WHAT YOU ARE ASKED TO DO →
A verbatim restatement of the data, free of pictures, is what you should output.

┌────────

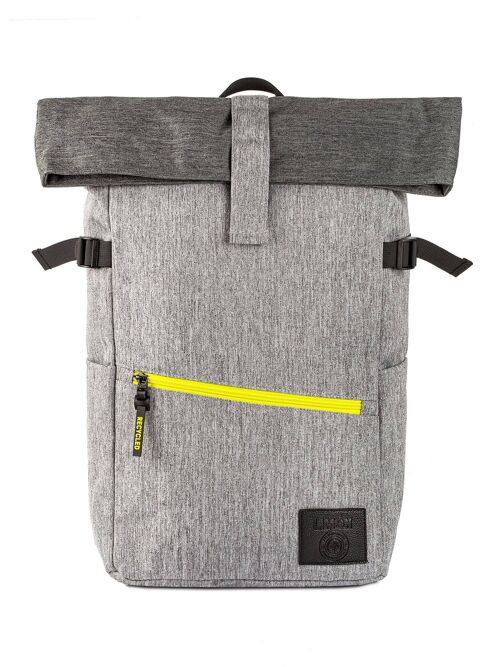 Rhino Recycled Backpack Grey melange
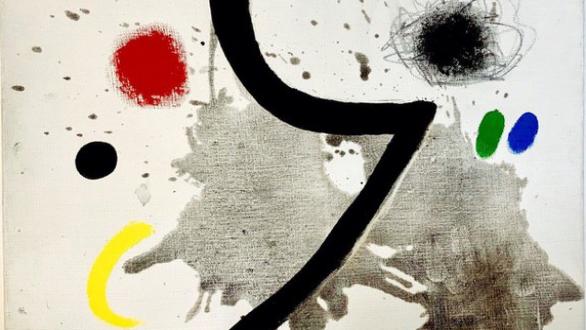 Detalle de la obra Peinture, 1970. Joan Miró. Cortesía: David Cervelló Galería de Arte.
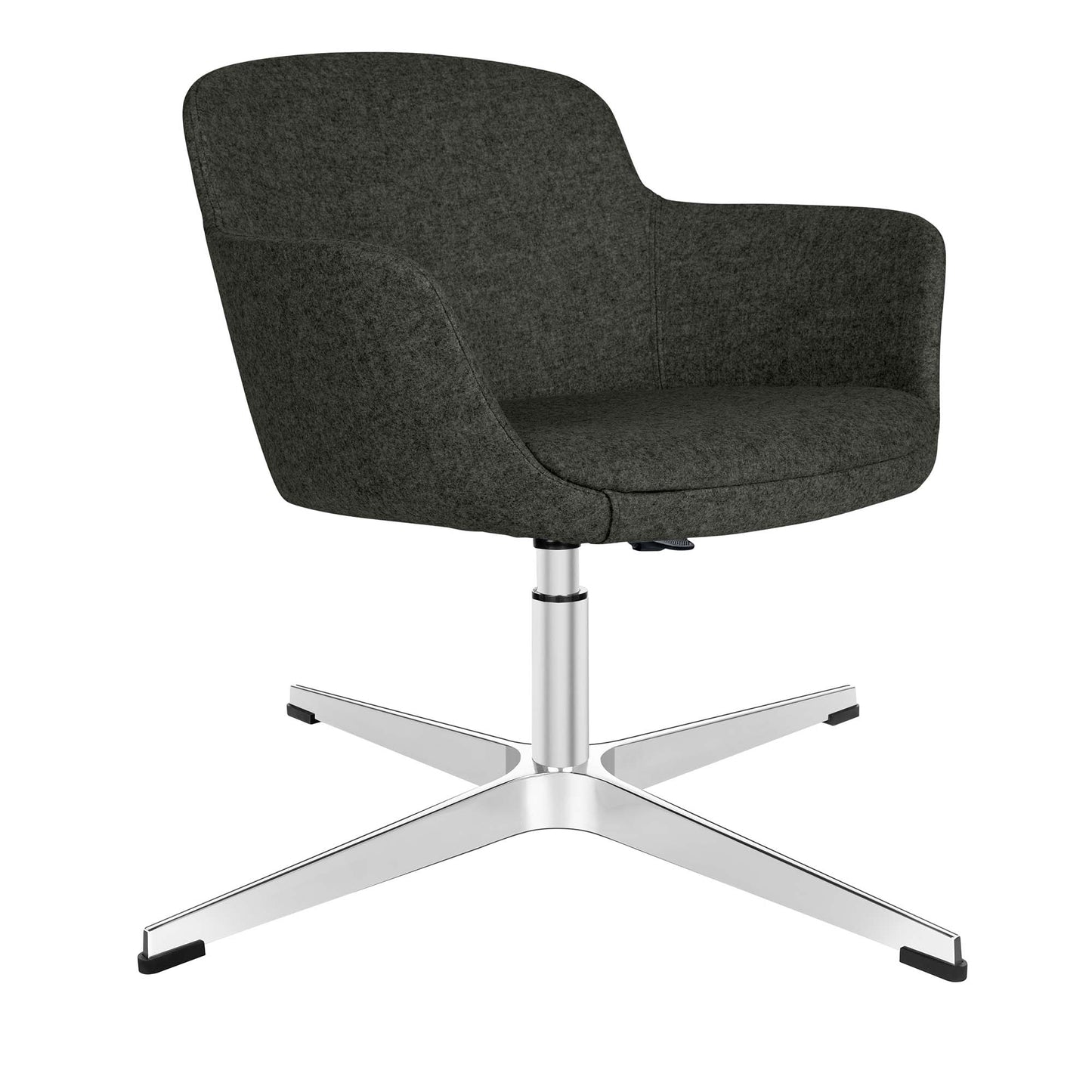 DANAE Lounge armchair | 4-foot cross, height adjustable, reference substances Lucia / Velito / Synergy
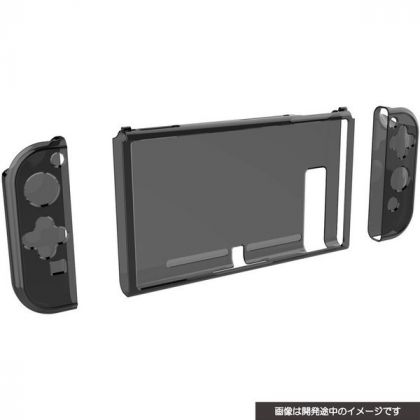 CYBER GADGET Coque de protection noir transparent NINTENDO SWITCH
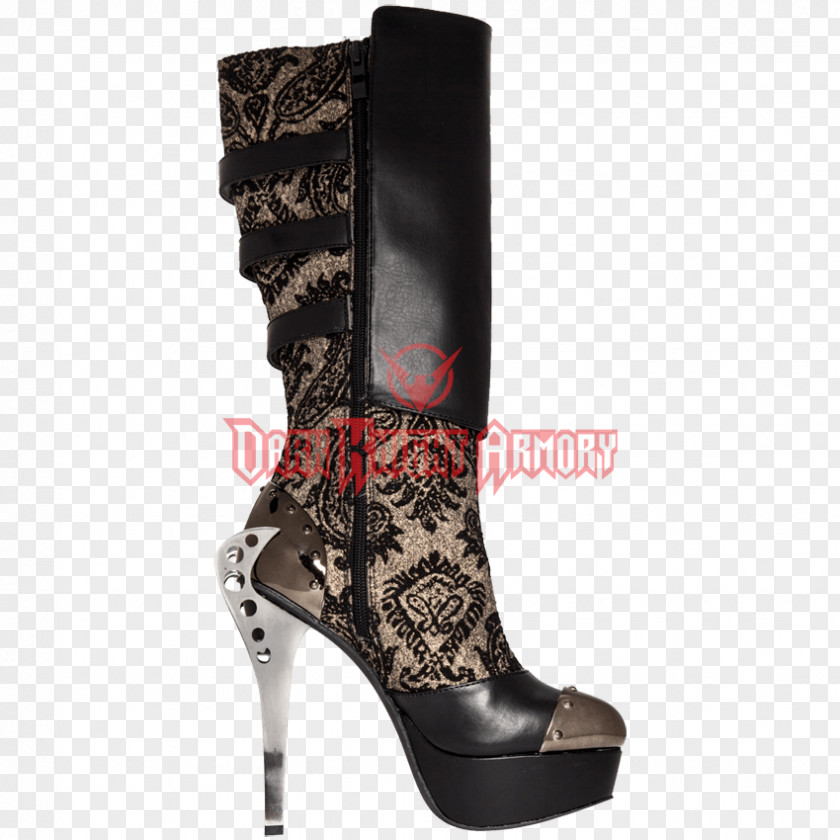 Platform Shoes Knee-high Boot High-heeled Shoe PNG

└────────

RESPONSE AREA →
 Rhino Recycled Backpack Grey melange
 Detalle de la obra Peinture, 1970. Joan Miró. Cortesía: David Cervelló Galería de Arte.
 DANAE Lounge armchair | 4-foot cross, height adjustable, reference substances Lucia / Velito / Synergy
 CYBER GADGET Coque de protection noir transparent NINTENDO SWITCH
 Platform Shoes Knee-high Boot High-heeled Shoe PNG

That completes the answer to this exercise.